Diante de tantas histórias vividas (desde a violência doméstica e a do dia a dia nas ruas; traumas, sentimentos de traição, agressões - e até mesmo alegrias e histórias de amizade e solidariedade...) minha curiosidade era se eles haviam guardado aquela história que nunca mais esqueceram. Depois de muitos encontros estas histórias foram surgindo recuperadas de suas memórias, e a cada dia mais adolescentes tinham interesse em me conhecer e conversar.
Nos trabalhos desta série criei cenas baseadas nas respostas dos jovens do que para eles era impossível esquecer. 
Conheci mais de 100 meninos. E ouvir cada história individualmente me fez perceber o quanto estava sendo importante nossa troca. Naquele lugar, sozinha, entendi que se houvesse uma verdadeira intenção de transformação pelas intuições, estudar cada caso separadamente, cada história de vida, seria a grande oportunidade para que eles pudessem ter suas vidas reconstruídas.
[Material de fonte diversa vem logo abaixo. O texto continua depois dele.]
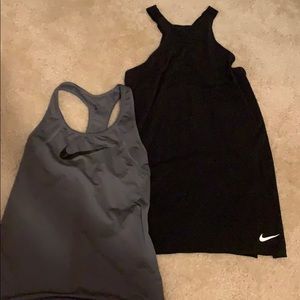 Two Nike tank tops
De minha parte entendi que depois de criar vínculos e estar tão presente no cotidiano diário, não poderia ir embora e desaparecer de repente. Decidi então continuar na instituição até que o último adolescente que eu havia conhecido individualmente tivesse sido posto em liberdade. Para que não experimentassem mais uma vez o sentimento de abandono constante em suas vidas. 
Após a realização das obras, já envolvida e inserida naquele contexto junto aos adolescentes e os profissionais que lá trabalhavam, continuei frequentando a instituição desta vez como voluntária e criando propostas inéditas que surgiam de nossas trocas. 
Experimentar este processo na arte e na vida foi inesquecível e a partir dele pretendo dar prosseguimento a proposta de viver a arte como o encontro com o outro, na tentativa de transformar as relações das pessoas diante de universos e questões ainda tão desconhecidos.